◆ TASK PROMPT
Search the records for "дерева". Copy every line where it appears.

##### MATERIAL FOR THIS TASK

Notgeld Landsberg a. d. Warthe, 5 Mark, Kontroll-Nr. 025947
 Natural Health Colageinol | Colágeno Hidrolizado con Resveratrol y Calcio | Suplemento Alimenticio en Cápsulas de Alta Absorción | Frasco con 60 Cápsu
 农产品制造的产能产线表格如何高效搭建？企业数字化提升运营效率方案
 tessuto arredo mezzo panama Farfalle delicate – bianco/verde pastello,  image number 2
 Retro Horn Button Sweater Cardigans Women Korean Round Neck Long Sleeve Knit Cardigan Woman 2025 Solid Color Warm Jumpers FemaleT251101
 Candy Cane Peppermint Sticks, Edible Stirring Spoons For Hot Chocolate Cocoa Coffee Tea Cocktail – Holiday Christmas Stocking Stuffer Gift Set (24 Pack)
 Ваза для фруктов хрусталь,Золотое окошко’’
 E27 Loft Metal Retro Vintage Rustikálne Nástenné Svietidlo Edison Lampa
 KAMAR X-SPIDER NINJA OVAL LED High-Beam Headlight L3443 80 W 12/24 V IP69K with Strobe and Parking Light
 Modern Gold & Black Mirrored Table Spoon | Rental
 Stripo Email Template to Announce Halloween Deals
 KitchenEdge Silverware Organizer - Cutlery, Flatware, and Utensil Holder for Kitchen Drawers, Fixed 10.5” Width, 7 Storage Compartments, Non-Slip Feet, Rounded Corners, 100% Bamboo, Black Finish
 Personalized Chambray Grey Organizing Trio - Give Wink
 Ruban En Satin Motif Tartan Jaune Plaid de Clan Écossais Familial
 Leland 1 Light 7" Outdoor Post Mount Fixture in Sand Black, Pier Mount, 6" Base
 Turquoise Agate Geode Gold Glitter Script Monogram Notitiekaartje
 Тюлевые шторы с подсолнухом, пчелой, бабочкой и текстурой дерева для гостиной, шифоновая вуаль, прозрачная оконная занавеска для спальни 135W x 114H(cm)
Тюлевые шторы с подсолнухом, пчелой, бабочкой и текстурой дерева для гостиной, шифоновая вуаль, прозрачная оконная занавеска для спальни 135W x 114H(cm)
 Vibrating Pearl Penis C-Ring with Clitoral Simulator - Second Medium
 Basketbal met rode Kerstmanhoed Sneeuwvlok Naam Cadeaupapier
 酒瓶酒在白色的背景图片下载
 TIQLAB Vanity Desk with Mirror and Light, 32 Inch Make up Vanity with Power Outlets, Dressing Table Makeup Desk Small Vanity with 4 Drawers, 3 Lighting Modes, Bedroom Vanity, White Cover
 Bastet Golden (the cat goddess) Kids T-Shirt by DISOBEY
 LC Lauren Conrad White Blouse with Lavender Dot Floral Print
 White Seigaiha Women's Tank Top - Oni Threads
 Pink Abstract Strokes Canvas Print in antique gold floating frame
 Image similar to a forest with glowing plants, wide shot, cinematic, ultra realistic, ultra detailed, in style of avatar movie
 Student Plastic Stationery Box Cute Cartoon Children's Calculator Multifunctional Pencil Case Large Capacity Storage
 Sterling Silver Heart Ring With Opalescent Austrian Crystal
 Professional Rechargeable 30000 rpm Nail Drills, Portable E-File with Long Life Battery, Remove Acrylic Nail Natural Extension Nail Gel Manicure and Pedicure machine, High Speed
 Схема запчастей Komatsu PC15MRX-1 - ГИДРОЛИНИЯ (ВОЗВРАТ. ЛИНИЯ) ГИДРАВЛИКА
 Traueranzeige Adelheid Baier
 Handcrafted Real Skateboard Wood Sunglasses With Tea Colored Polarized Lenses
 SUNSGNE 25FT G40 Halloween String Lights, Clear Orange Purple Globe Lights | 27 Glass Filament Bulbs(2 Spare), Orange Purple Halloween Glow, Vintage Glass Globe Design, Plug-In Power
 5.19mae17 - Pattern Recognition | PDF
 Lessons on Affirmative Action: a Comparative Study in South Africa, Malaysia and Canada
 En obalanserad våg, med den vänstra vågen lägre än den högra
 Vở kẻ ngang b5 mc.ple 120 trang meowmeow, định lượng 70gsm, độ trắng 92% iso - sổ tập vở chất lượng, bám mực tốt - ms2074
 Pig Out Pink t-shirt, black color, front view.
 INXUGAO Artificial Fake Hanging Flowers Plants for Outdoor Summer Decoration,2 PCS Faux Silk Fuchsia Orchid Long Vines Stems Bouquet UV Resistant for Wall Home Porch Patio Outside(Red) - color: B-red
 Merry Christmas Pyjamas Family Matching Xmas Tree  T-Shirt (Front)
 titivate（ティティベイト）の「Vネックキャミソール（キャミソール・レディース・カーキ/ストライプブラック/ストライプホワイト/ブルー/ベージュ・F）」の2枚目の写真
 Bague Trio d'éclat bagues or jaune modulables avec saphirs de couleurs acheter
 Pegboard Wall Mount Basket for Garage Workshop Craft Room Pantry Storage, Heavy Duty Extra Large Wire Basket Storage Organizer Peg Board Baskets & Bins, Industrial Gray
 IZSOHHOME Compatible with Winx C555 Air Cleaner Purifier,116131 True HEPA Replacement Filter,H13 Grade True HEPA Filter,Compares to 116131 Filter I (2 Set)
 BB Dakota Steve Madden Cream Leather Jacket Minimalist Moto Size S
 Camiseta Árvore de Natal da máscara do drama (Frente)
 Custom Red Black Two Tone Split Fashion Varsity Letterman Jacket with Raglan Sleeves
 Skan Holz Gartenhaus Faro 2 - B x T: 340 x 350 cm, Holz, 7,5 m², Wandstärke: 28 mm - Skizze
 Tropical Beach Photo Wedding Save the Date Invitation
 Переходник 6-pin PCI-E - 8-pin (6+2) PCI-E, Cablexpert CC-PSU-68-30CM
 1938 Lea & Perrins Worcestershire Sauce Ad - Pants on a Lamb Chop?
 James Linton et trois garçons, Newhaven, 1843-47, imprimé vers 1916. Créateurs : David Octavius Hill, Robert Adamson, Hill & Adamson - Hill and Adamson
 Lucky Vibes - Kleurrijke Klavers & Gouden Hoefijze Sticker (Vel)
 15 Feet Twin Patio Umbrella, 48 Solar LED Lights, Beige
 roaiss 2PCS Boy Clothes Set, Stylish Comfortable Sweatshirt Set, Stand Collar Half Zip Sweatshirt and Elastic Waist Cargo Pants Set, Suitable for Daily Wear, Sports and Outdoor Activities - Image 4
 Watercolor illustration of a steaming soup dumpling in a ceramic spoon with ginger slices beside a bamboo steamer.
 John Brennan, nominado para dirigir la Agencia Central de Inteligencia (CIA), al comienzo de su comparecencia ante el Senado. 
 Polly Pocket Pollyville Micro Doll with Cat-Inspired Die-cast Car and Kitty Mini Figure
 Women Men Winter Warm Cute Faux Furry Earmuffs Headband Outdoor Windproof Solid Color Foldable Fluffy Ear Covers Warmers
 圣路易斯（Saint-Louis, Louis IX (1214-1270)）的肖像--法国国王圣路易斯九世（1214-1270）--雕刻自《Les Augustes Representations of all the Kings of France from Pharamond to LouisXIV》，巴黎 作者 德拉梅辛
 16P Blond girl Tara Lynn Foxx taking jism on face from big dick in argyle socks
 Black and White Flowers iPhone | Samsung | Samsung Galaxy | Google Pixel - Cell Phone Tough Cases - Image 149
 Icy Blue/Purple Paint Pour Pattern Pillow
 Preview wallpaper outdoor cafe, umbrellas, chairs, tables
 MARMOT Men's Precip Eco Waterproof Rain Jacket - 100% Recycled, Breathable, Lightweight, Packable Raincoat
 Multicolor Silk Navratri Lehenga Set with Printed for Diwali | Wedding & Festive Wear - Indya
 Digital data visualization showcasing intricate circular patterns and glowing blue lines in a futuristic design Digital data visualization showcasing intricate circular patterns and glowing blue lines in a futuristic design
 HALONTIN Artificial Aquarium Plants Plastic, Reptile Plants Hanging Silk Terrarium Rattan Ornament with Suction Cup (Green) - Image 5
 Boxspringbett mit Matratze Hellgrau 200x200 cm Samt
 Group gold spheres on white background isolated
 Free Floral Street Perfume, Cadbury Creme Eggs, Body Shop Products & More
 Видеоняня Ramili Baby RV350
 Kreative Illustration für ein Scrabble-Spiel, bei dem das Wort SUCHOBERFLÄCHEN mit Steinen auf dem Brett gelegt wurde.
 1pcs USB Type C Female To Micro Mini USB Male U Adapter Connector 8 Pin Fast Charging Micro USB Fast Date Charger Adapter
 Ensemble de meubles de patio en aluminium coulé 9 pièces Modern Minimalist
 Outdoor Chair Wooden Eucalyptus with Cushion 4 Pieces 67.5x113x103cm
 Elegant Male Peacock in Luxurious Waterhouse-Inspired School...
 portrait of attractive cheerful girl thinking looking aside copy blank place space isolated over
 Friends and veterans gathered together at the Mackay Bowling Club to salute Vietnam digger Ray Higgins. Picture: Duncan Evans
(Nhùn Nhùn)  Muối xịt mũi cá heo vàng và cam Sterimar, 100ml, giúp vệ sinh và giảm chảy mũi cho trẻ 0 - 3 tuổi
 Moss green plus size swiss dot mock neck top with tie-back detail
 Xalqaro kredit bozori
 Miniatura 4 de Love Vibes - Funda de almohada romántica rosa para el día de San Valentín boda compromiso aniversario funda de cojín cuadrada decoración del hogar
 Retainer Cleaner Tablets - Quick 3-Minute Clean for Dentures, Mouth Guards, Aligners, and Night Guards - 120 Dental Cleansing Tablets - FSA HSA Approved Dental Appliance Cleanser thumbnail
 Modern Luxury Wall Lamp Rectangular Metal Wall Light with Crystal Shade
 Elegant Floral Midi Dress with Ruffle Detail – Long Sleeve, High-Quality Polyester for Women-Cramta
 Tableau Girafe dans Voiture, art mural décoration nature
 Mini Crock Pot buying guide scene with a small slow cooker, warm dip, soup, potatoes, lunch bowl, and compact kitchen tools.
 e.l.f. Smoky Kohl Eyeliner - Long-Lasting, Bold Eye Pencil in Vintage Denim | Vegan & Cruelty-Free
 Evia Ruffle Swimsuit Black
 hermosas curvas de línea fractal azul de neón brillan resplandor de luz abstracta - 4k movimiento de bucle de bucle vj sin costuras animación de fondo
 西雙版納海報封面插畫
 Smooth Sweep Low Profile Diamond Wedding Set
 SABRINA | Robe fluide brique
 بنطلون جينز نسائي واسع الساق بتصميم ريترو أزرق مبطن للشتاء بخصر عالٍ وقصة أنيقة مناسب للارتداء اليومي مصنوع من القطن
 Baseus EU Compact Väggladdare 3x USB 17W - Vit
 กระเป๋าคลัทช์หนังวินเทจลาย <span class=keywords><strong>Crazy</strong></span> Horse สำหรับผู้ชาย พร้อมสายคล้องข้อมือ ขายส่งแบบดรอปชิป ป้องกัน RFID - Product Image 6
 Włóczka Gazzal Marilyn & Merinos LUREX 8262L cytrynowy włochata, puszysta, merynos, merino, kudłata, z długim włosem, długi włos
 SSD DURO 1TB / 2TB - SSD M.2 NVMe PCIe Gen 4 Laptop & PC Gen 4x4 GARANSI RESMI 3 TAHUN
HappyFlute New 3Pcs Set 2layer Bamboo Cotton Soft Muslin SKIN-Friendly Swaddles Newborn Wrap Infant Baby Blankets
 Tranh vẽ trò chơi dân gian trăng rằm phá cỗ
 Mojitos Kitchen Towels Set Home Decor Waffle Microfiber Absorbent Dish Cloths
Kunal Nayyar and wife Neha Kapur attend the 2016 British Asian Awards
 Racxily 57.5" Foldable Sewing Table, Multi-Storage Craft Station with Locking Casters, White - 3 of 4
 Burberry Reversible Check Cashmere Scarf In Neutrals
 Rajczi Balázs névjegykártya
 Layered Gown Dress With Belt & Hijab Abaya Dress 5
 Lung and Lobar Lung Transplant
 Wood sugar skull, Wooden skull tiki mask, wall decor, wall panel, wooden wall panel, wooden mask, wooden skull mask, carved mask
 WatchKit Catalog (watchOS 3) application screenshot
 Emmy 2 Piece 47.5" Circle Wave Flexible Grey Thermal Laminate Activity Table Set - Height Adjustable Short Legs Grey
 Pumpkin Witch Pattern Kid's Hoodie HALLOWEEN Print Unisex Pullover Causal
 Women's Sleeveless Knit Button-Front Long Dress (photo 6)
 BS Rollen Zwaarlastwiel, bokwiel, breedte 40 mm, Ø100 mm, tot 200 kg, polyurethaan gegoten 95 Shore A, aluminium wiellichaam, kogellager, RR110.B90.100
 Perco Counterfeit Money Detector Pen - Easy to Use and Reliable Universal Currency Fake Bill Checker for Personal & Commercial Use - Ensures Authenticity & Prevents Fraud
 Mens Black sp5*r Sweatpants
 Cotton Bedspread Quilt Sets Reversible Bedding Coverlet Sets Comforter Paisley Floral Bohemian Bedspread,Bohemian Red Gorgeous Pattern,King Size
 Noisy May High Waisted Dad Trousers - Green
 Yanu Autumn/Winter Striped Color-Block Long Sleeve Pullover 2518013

##########

◆ SOLUTION TO THE PROBLEM
 Тюлевые шторы с подсолнухом, пчелой, бабочкой и текстурой дерева для гостиной, шифоновая вуаль, прозрачная оконная занавеска для спальни 135W x 114H(cm)
Тюлевые шторы с подсолнухом, пчелой, бабочкой и текстурой дерева для гостиной, шифоновая вуаль, прозрачная оконная занавеска для спальни 135W x 114H(cm)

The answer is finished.